▸ **WHAT THIS TASK INVOLVES**: Reproduce only this part of the listing: the line with "Photo - Alamy", plus every line after it through the last.

=-=-=

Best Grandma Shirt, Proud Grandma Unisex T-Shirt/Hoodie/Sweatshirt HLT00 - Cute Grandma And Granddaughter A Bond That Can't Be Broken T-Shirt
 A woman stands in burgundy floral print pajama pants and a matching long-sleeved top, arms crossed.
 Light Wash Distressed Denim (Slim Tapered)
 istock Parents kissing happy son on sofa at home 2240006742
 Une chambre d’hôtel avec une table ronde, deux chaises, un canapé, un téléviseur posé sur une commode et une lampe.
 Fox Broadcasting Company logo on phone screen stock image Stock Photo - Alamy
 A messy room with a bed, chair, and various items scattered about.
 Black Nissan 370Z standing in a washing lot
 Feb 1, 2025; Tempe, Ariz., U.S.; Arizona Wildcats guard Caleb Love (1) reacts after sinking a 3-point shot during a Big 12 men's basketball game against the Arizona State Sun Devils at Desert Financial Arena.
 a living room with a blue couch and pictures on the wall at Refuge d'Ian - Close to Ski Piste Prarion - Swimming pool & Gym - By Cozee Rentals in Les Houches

=-=-=

▸ **EXPECTED ANSWER**:
 Fox Broadcasting Company logo on phone screen stock image Stock Photo - Alamy
 A messy room with a bed, chair, and various items scattered about.
 Black Nissan 370Z standing in a washing lot
 Feb 1, 2025; Tempe, Ariz., U.S.; Arizona Wildcats guard Caleb Love (1) reacts after sinking a 3-point shot during a Big 12 men's basketball game against the Arizona State Sun Devils at Desert Financial Arena.
 a living room with a blue couch and pictures on the wall at Refuge d'Ian - Close to Ski Piste Prarion - Swimming pool & Gym - By Cozee Rentals in Les Houches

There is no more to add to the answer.